Exercise prompt ▸
Every line of the records below from the line with "Gümüş Yürek Serisi" up to and including the line with "Vintage Framed Needlepoint" must be reproduced exactly, and no line outside that range.

Given entries ▸
==============================
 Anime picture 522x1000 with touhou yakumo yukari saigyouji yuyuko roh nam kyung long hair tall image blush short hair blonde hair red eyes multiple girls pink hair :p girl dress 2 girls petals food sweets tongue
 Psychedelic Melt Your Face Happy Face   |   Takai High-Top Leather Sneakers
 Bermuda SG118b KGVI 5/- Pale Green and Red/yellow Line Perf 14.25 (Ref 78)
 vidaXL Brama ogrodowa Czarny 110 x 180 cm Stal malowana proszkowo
==============================
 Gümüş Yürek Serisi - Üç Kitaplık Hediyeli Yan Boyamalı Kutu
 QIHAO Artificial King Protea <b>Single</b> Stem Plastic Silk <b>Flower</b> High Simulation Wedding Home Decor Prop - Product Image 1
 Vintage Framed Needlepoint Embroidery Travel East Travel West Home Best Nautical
==============================
Expected answer ▸
 Gümüş Yürek Serisi - Üç Kitaplık Hediyeli Yan Boyamalı Kutu
 QIHAO Artificial King Protea <b>Single</b> Stem Plastic Silk <b>Flower</b> High Simulation Wedding Home Decor Prop - Product Image 1
 Vintage Framed Needlepoint Embroidery Travel East Travel West Home Best Nautical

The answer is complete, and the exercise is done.